Ovviamente, essendo ormai la Bank of Japan l’unico price setter marginale del trade su quella carta, il rendimento dei JGB non ha patito scossoni visibili ma in vista della riunione del board prevista per il 18 e 19 marzo, questo appare un pessimo segnale. Se infatti anche i giapponesi, nel loro piccolo, tendono a incazzarsi e vendere il loro debito, qualcosa rischia di essersi inceppato nel meraviglioso quanto illusorio meccanismo della monetizzazione sistemica del debito senza conseguenze. E questo trend, più di ogni altro, è da ritenersi davvero globale, una cartina di tornasole del livello di mal di pancia che cova sotto la cenere, un misuratore impietoso del livello di immondizia che si sta ammassando ormai disperatamente sotto il tappeto del Qe sistemico.
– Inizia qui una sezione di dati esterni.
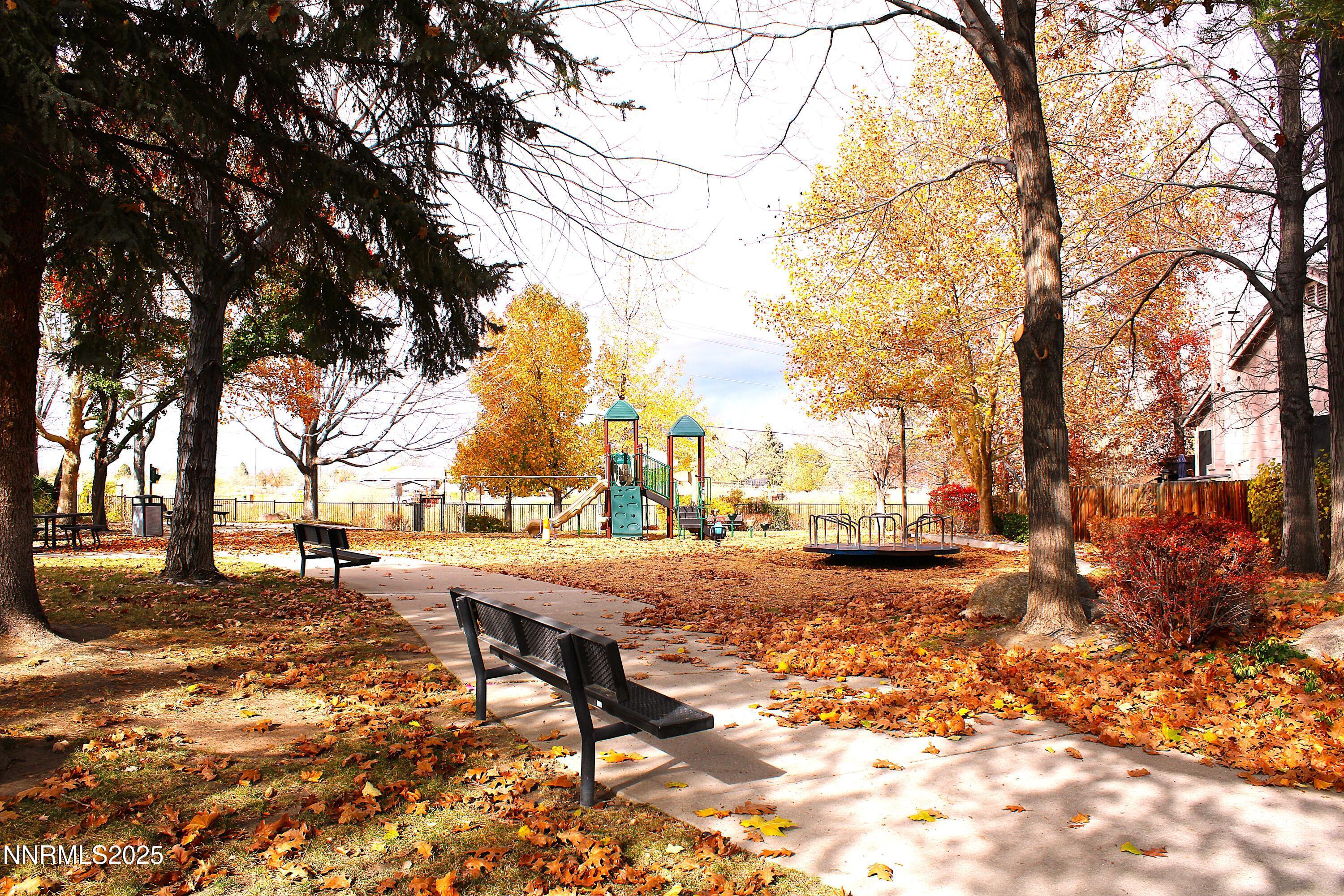 Reno, Nevada, 89502, United States, 4 Bedrooms Bedrooms, ,2 BathroomsBathrooms,Residential,For Sale,1997372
Ad esempio e al netto dell’effetto taumaturgico di Mario Draghi sullo spread, quanto potrà reggere la già vacillante tregua in seno al board della Bce, se per caso il Bund continuasse a veder salire il proprio rendimento, alla luce delle extra-emissioni di debito imposte dal governo Merkel alla Bundesbank per garantire sufficienti titoli tedeschi agli acquisti del Pepp per tutto il 2021? Intendiamoci, quell’aumento dello yield sul Bund o ancora di più quello su titolo austriaco a 100 anni certamente non cambiano le dinamiche per quei Paesi. E nemmeno per l’eurozona. Ma rappresenta un segnale chiaro, un campanello d’allarme che pare dirci come la china intrapresa sia quella di una progressiva e irreversibile perdita di credibilità e fiducia da parte degli investitori anche verso i beni rifugio più storici e consolidati. Treasuries compresi. Anzi, in testa.

E questo ultimo grafico

Selloff6

Bloomberg
pare regalarci il monito assoluto: il timore inflattivo e il deperimento dello status di affidabilità di alcuni benchmark è tale non solo da aver spedito Bitcoin area 50.000 dollari ma, soprattutto, la ratio fra la criptovaluta e l’oro al minimo storico assoluto. Insomma, Bitcoin sta erodendo supporters persino al bene rifugio per antonomasia. Il motivo? Semplice, l’oro patisce la finanziarizzazione e l’intermediazione dei derivati e delle clearing houses che li trattano, Bitcoin - per ora - ancora no. E quando si preferisce la logica over-the-counter al lingotto nella cassaforte, significa davvero che siamo di fronte a un evento spartiacque assoluto e storico.

Anzi, a un vero e proprio cambio di paradigma. Prima ancora che a una potenziale crisi finanziaria da abuso di azzardo e liquidità.